I hated every time she ever cut back. I understood, but I didn't like it.
Well, I was doing a lot of editing. Heather Wood told me once, when she was working here, that I was editing a quarter of the hardcover list, which meant I was also handling a quarter of the paperback list because of the previous releases. It was a lot. But it was a great ride.
(To Irene Gallo) That was her problem for doing the best books.
I don't know about that. But I loved working with Michael and Kathy Gear, Father Greeley, Carol Nelson Douglas. All manner of creature. Lots and lots of them.
Yeah. Andy [Greeley]'s books used to make the bestseller list back when you were editing him. That was fun. He came to us first with science fiction, right? Then we did a fantasy, with your editing. He loved your editing. We ended up doing all of his books.
I really loved working with him.
You must have some stories like mine about Jerry Pournelle. What kind of crazy things happened to you in your early days? You were editing Fred Saberhagen, David Drake, people like that.
They were just great to work with. Nobody was yelling and screaming down the phone at me.
Fred's Swords, the first three Books of Swords were bestsellers for us, too.
They were good. I used to tease Fred about his day job as a pitcher in the professional baseball world. I think he'd heard that maybe too many times. "There was a Saberhagen pitching." "Saberhagen pitches shutout" and so on.
9
At this point, Harriet and Tom began discussing Robert Jordan's earliest published works: the historical Fallon novels.
10
The first Robert Jordan novel Harriet published personally, we did as a joint venture under the imprint and the company Popham Press. Popham is her maiden name.
Well, it was distributed by Ace.
It was distributed by it, yes. I was Publisher of Ace at the time.
What was the title of that book?
His first published book is called The Fallon Blood. It's a novel that covers the American Revolution in the South. At the time, I thought: "If I have to look at one more book about the Civil War, I'll just throw up. I've had it with crinoline. There are too many. Margaret Mitchell did it once and for all. Let's go for the Revolution instead." So he did—the revolution in Charleston, South Carolina, in particular.

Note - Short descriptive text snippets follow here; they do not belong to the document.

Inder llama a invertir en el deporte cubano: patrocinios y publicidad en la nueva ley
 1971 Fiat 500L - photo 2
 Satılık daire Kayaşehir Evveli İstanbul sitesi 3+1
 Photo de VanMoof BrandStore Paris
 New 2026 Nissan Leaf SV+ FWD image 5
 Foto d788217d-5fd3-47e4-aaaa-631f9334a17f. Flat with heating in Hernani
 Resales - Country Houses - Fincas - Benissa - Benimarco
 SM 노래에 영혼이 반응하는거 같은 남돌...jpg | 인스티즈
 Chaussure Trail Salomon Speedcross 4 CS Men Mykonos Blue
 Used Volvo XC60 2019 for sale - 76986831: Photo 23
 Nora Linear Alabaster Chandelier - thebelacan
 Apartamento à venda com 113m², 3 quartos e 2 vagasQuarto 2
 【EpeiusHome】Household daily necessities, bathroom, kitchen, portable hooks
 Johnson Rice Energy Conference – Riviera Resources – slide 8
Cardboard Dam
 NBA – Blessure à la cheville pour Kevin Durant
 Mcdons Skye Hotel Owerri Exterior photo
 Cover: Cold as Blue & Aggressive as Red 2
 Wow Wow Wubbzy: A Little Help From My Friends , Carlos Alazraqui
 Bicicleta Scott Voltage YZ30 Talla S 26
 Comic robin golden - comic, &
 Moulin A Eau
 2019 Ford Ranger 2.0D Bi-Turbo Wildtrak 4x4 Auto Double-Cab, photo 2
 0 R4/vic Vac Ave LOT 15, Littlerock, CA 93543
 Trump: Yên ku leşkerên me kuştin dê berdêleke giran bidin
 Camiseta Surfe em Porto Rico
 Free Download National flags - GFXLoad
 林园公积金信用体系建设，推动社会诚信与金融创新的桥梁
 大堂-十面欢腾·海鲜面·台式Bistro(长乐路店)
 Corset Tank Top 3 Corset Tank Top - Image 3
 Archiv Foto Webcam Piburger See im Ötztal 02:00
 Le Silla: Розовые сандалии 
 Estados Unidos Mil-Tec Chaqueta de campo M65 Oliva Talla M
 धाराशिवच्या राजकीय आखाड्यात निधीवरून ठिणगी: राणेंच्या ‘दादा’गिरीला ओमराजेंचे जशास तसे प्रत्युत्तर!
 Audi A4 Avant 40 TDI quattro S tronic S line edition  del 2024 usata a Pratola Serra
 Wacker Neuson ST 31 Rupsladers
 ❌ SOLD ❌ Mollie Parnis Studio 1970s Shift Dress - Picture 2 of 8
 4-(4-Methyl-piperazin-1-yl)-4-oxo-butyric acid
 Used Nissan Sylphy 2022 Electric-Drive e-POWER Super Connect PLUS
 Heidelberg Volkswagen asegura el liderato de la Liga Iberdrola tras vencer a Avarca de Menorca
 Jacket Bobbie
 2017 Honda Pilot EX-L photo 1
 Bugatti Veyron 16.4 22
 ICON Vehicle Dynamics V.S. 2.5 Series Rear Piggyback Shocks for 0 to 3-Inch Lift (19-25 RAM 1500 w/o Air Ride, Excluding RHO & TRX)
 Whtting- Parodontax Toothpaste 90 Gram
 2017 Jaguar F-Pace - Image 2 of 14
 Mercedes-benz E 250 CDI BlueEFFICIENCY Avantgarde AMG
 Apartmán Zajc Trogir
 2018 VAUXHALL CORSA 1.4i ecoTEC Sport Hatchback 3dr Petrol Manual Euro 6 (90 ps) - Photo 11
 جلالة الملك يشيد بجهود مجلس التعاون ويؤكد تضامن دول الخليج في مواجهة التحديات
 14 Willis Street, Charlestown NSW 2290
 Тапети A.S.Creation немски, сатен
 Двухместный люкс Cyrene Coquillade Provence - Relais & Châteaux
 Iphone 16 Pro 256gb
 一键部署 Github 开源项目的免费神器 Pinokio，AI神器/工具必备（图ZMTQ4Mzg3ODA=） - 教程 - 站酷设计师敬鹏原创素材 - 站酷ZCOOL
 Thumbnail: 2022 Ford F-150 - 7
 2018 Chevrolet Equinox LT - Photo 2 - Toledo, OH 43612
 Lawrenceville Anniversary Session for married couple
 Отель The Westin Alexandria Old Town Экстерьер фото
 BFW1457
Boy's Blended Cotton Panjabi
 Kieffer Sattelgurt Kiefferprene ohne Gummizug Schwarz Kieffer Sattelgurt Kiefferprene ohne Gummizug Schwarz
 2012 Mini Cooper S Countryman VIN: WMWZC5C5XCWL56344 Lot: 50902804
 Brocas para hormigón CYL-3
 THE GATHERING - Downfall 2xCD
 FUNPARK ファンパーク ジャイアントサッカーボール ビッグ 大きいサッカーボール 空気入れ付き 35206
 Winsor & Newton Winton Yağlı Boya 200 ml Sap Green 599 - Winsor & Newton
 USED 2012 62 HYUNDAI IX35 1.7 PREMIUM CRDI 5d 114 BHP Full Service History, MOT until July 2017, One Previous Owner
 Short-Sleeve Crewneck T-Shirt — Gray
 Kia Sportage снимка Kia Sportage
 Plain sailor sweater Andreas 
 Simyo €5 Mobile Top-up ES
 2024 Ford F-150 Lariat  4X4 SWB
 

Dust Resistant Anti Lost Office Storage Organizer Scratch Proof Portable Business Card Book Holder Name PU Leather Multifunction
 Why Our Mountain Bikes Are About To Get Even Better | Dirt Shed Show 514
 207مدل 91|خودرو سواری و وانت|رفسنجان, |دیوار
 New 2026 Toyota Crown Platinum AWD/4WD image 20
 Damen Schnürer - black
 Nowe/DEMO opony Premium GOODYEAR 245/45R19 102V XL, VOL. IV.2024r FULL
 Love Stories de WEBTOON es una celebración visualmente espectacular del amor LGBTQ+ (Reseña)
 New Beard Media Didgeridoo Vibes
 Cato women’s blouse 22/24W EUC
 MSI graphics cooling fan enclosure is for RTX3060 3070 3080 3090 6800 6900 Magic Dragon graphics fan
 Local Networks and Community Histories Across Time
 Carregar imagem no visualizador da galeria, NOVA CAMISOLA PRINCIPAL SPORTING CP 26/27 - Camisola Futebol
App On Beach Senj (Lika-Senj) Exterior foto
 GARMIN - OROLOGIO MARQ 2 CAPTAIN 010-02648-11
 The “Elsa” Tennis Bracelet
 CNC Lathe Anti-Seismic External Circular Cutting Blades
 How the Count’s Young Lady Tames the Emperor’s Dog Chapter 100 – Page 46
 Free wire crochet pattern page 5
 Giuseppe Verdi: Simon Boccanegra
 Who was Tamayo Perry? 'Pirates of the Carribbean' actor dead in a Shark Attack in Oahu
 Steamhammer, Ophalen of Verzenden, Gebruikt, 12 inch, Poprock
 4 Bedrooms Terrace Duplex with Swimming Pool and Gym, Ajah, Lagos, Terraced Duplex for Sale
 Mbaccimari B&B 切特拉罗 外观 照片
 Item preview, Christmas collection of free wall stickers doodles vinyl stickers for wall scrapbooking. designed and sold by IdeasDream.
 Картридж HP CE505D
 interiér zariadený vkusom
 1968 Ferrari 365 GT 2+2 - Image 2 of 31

He followed that with The Fallon Pride, which covered the War of 1812, and The Fallon Legacy, which took the Fallons into the brand new Republic of Texas. At that point distribution dried up, otherwise he could have just gone on. He had a dream in which a man is holding Michael Fallon's sword, standing next to the grave of the Fallon who has died in the Vietnam conflict, and I thought, oh, boy. Anyway, with those books he wanted to write the Southern sweep of American history, in the way that John Jakes wrote the Northern sweep. Taking people across the continent. And they were good.
They were.
I would like to the point out something to the fans. Every single book Robert Jordan wrote begins with the wind. "The English wind blew the dust into Michael Fallon's face on his Irish road." That was the beginning of The Fallon Blood. The Fallon Pride begins, "The August winds scorched across Tripoli harbor." There is always a wind. I think it was very conscious that he was breathing life into his characters. Breath and wind have the same root, I think, at least in Hebrew.
That's wonderful.
11
After the three Fallon novels, Robert Jordan fantasy career took off with the Conan novels, but before those he'd written a manuscript entitled Warriors of the Altaii.
12
By the time he was working on The Fallon Pride, he had already said to me and you both that he wanted to write a great epic fantasy.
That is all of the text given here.